Implications & Future Research
Focus: Stanate (Stannsoporfin)
Stanate (Stannsoporfin) is in late-stage development at WellSpring pharmaceuticals and is being used for the treatment of neonatal jaundice and prevention of kernicterus (“Compassionate Use of Stanate ™ “, 2013). Stanate’s mechanism of action specifically inhibits the enzyme that blocks the conversion of heme into bilirubin. Since Kernicterus is attributed to high levels of bilirubin, this drug is aimed to stop this excess production. Tin mesoporphyrin IX dichloride is the chemical compound that is being investigated for use in infant jaundice. This drug, given by injections, specifically targets heme oxygenase 1 and 2, which are involved in the cleavage of heme in order to be converted to bilirubin. It is mainly executed when the neonate has very high bilirubin levels and is failing phototherapy. Also, it is used when a family refuses exchange blood transfusion for religious purposes. The results of the clinical trial demonstrated that the use of this drug significantly lowered blood bilirubin levels, and resulted in fewer and shorter uses of phototherapy, compared with placebo (“Compassionate Use of Stanate ™ “, 2013).

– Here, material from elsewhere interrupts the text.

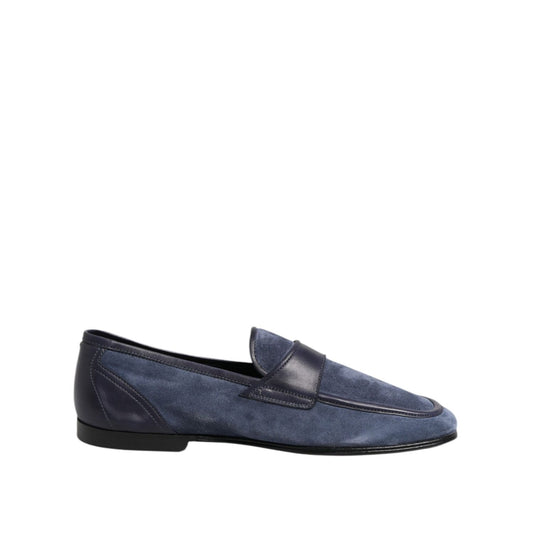 Dolce & Gabbana Blue Suede Leather Loafers Moccasin Shoes Dolce & Gabbana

Focus: Glycerin suppositories
Glycerin suppositories are a form of laxatives, normally used to relieve constipation. A study using glycerine suppositories was conducted to determine if it would reduce jaundice in premature infants with respect to decreasing exposure to phototherapy (“Glycerin Suppositories to Reduce Jaundice in Premature Infants”, 2012). This randomized, double-blind study incorporated 75 premature babies with physiological hyperbilirubinemia between the ages of 30-35 weeks. This was developed based on previous research showing that delayed meconium (earliest stool of infant) evacuation is a contributing factor to persistent neonatal jaundice. Several studies have been performed, but the results are inconclusive. One study found that a subgroup of male infants with blood group type A displayed a lower mean total serum bilirubin level after induction of earlier meconium with glycerine suppositories. However, in a different study, randomized groups were given glycerine at 12 hours of life, and bilirubin levels were followed for the first 7 days of life. This did not have an effect on serum bilirubin levels in the first 7 days. In the clinical trial through the University of Rochester, total serum bilirubin levels dropped by 0.7 mg/dL when glycerine suppository was employed (“Glycerin Suppositories to Reduce Jaundice in Premature Infants”, 2012). This trial has now been completed, and glycerin being mainly used for constipation, as no concrete evidence fully supports this method in regards to neonatal jaundice.